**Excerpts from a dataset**
____________
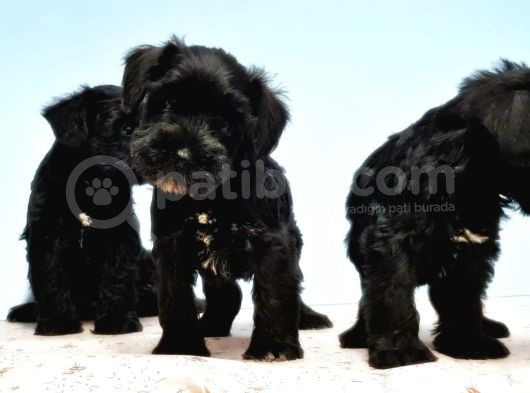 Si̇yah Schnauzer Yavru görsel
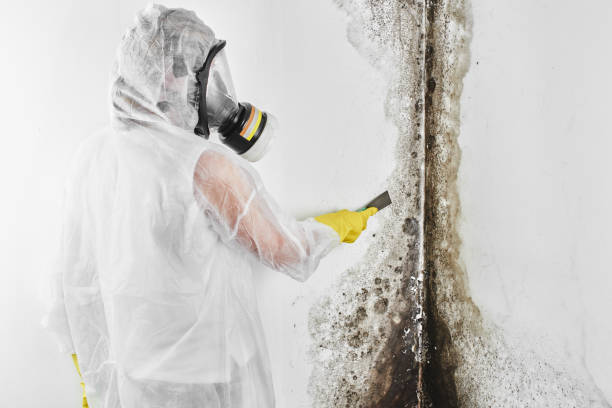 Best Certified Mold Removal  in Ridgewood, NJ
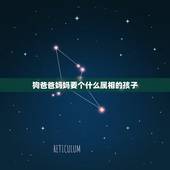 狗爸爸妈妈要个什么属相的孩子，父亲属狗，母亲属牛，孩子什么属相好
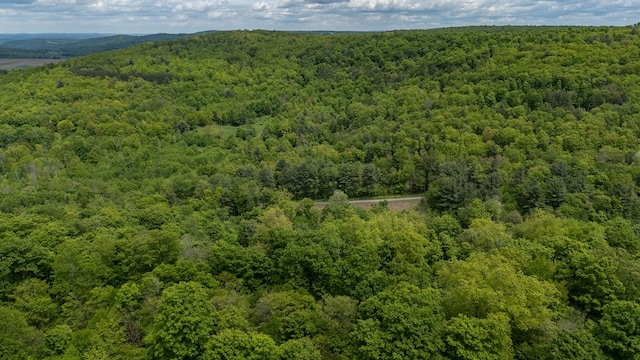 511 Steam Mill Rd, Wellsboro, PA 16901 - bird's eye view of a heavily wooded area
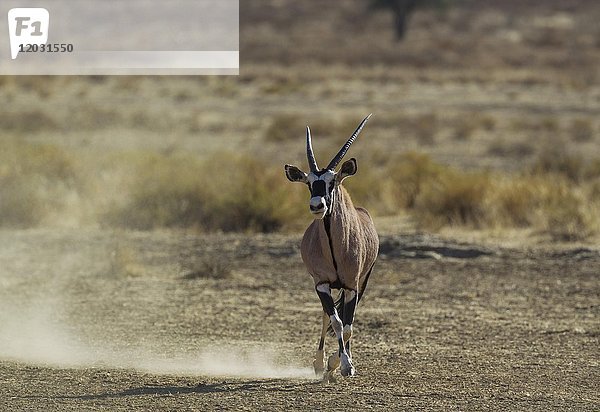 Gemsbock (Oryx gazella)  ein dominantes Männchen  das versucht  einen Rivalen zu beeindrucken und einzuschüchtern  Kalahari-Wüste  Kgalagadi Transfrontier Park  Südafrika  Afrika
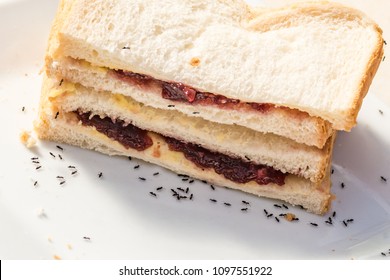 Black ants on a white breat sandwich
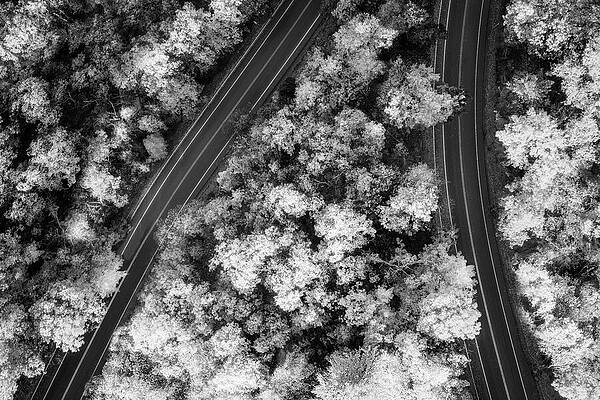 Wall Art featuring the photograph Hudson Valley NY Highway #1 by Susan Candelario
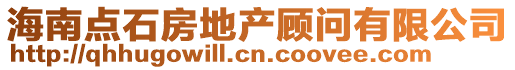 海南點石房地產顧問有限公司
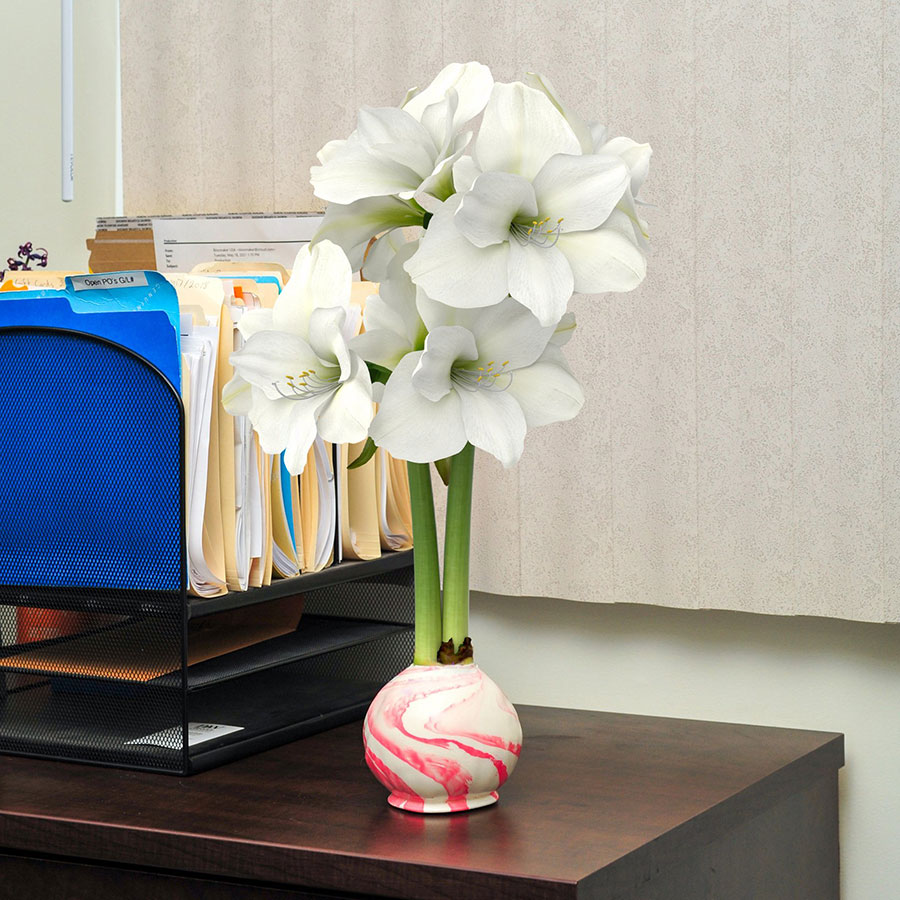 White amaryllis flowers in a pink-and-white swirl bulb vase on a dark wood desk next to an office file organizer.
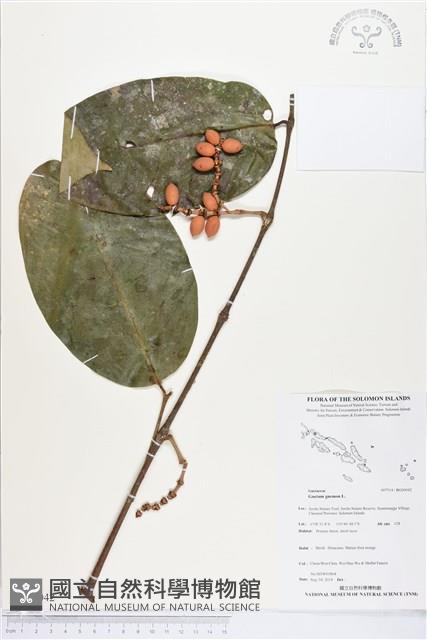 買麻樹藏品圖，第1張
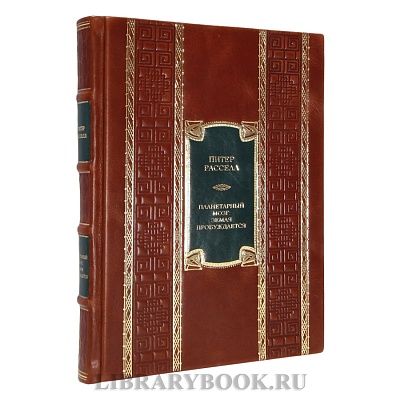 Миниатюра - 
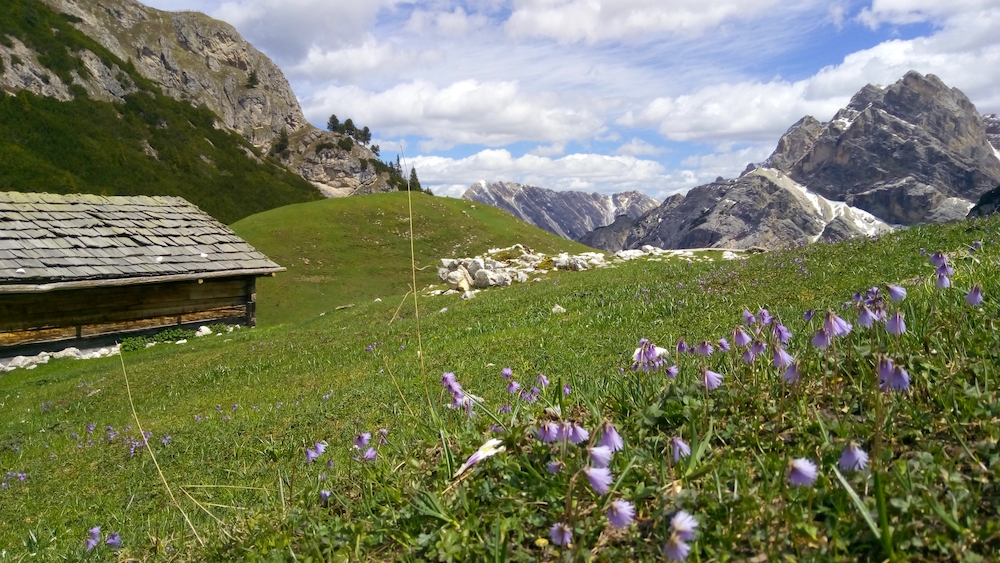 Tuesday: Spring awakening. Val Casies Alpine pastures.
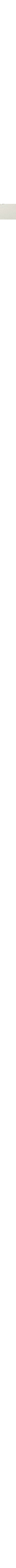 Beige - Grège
____________
**WHAT TO WORK ON**
Set the records down again exactly, and omit any picture in them.

**ANSWER**
 Si̇yah Schnauzer Yavru görsel
 Best Certified Mold Removal  in Ridgewood, NJ
 狗爸爸妈妈要个什么属相的孩子，父亲属狗，母亲属牛，孩子什么属相好
 511 Steam Mill Rd, Wellsboro, PA 16901 - bird's eye view of a heavily wooded area
 Gemsbock (Oryx gazella)  ein dominantes Männchen  das versucht  einen Rivalen zu beeindrucken und einzuschüchtern  Kalahari-Wüste  Kgalagadi Transfrontier Park  Südafrika  Afrika
 Black ants on a white breat sandwich
 Wall Art featuring the photograph Hudson Valley NY Highway #1 by Susan Candelario
 海南點石房地產顧問有限公司
 White amaryllis flowers in a pink-and-white swirl bulb vase on a dark wood desk next to an office file organizer.
 買麻樹藏品圖，第1張
 Миниатюра - 
 Tuesday: Spring awakening. Val Casies Alpine pastures.
 Beige - Grège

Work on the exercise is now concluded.